**ASSIGNMENT:** For the listing below, the answer is an exact retyping of the lines from the one with "Los huéspedes cubanos" through the one with "FactorMeetings's tweet photo.", both included, without pictures.

**RECORDS TO USE:**
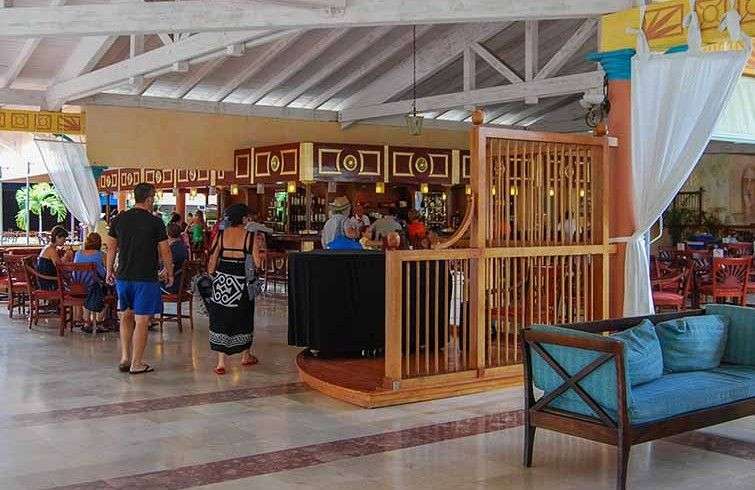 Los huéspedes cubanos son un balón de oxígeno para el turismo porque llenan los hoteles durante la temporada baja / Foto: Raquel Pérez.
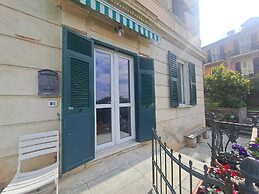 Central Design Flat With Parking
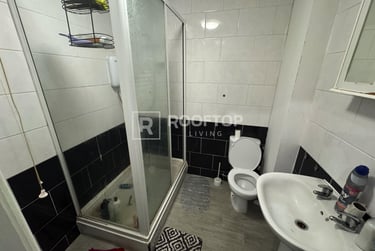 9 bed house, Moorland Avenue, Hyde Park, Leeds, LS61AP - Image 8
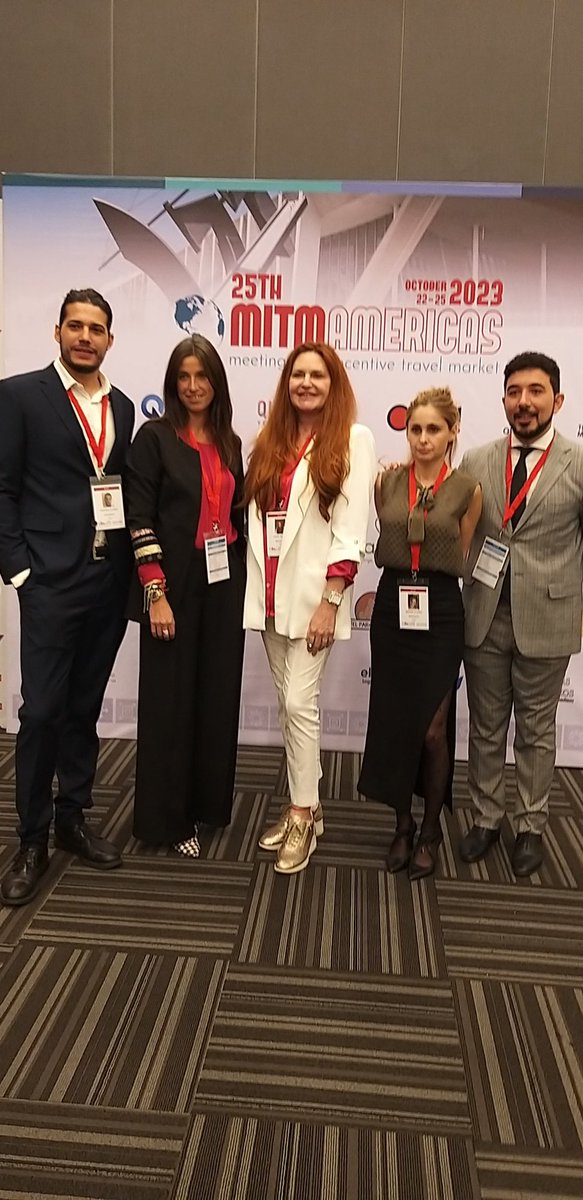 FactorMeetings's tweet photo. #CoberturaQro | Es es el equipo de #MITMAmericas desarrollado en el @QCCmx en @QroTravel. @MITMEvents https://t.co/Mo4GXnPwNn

--

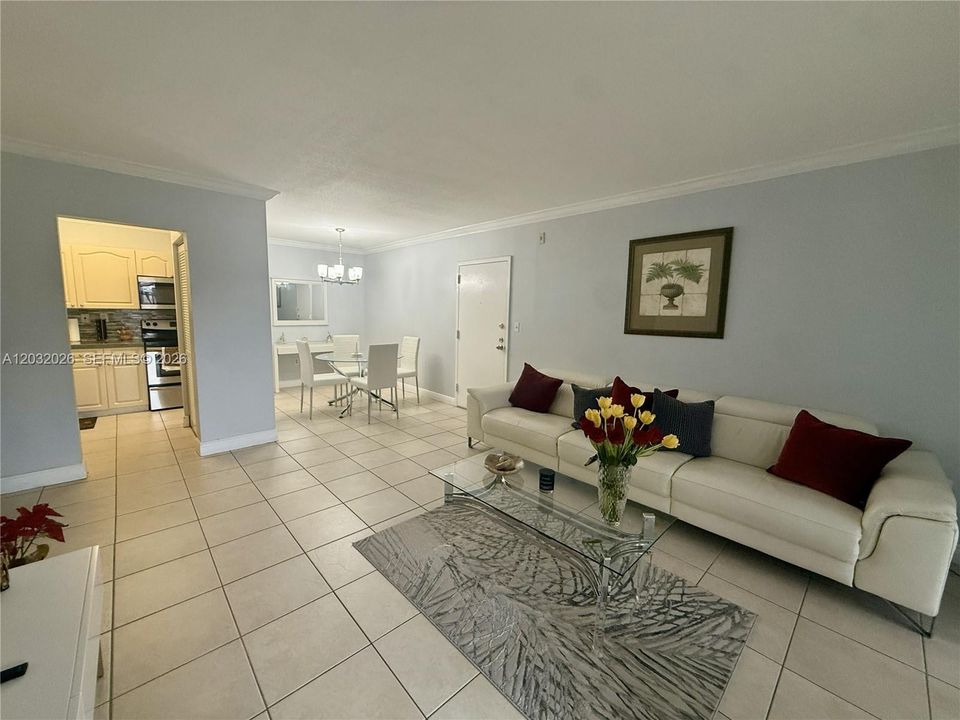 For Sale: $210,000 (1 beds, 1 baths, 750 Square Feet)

**EXPECTED OUTPUT:**
 Los huéspedes cubanos son un balón de oxígeno para el turismo porque llenan los hoteles durante la temporada baja / Foto: Raquel Pérez.
 Central Design Flat With Parking
 9 bed house, Moorland Avenue, Hyde Park, Leeds, LS61AP - Image 8
 FactorMeetings's tweet photo. #CoberturaQro | Es es el equipo de #MITMAmericas desarrollado en el @QCCmx en @QroTravel. @MITMEvents https://t.co/Mo4GXnPwNn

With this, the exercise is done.